Peki ama neydi bu karar. Bir ülke düşünün ki kişi başına düşen milli gelir miktarı, kişi başına düşen biber gazı miktarından çok daha düşük. İşte gaz tüketiminin su tüketiminden çok daha fazla olduğu bir ülkenin Başbakanı, Bakanı, spor adamı başka işleri yokmuş gibi bir araya gelmişler, maçlarda atılacak ya da atılamayacak sloganları tespit etmişler. İlk yasaklanan slogan da bu memleketin en az % 50’sinin sabah akşam tekrarladığı “Her yer Taksim, her yer direniş” olmuş.

Üstelik futbol ile ilgili konuşulanlar bununla da sınırlı değil. Örneğin saha yıkılmasından dolayı maçlarını Kasımpaşa Stadı’nda oynayacak olan Beşiktaş’a kulüp yöneticileri “hükümet aleyhine” slogan atmama şartı koymuşlar.
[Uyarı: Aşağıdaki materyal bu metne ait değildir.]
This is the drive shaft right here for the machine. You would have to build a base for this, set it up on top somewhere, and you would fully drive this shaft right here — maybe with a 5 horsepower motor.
Yani maç esnasında tribünler “Hükümet istifa, Her yer Taksim her yer direniş” diye bağırırsa Beşiktaş o haftadan itibaren maçlarını bir başka statta oynamak zorunda kalacak. Tabi o saatten sonra stat bulabilirse.  

Memlekette ileri demokrasi ilerledikçe etkisi daha da fazla hissediliyor. Mahallelere kurulmaya çalışılan ihbar odaları, komşuların birbirini ihbar etmeye zorlanması, Gezi parkının günde 3 kez açılıp kapanması hep ileri demokrasinin nimetleri gibi duruyor.
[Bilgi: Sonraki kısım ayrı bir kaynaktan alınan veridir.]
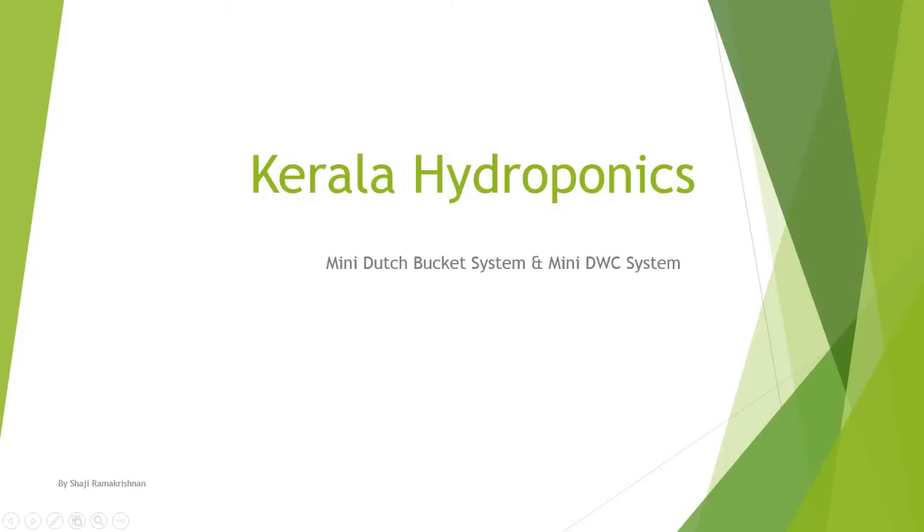Hi, welcome to Kerala Hydroponics. My name is Raji and this is the first video of my mini hydroponics system. I'll be creating follow-up videos to show the updates on the system in the coming weeks.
Doğrusu insan bunları görünce yasak ve yasakçı uygulamaların sonunun gelmeyeceğini düşünüyor. Tüm bunları görenler, Türk parasını koruma kanunu gibi AKP’yi koruma kanununun da yolda olduğunu düşünmeden edemiyor.  

İnsan, AKP iktidarının yasaktaki yaratıcılığını gördükçe yeni fikirler ileri sürmeden de edemiyor. Örneğin istenirse eğer bu memlekette yazarların önü çok daha önceden kesilebilir. Basılmamış kitabın toplatılmasıyla uğraşmaktansa bilgisayarlardan yazı yazmaya yarayan Word vb. programlar tamamen kaldırılabilir.

İşsizlik oranı, fakirlik durumu, insan hakları ihlalleri gibi istatistiki durumların çoğu Excel türü programların başının altından çıkartılıyor. İstenirse eğer bilgisayardaki Excel gibi programlara da sınırlama getirilebilir.

Ayrıca tutuklamalara ve baskılara bakılırsa eğer, bu işlerin çoğunun solcuların başının altından çıktığı görülüyor. Madem futbol müsabakalarına da el attınız, futbol takımlarından sol açık mevkiini tamamen kaldırabilirsiniz.

Orta sahanın soluna da el atın diyeceğim ama sağ olsun Bülent Ecevit onu çoktan halletmişti.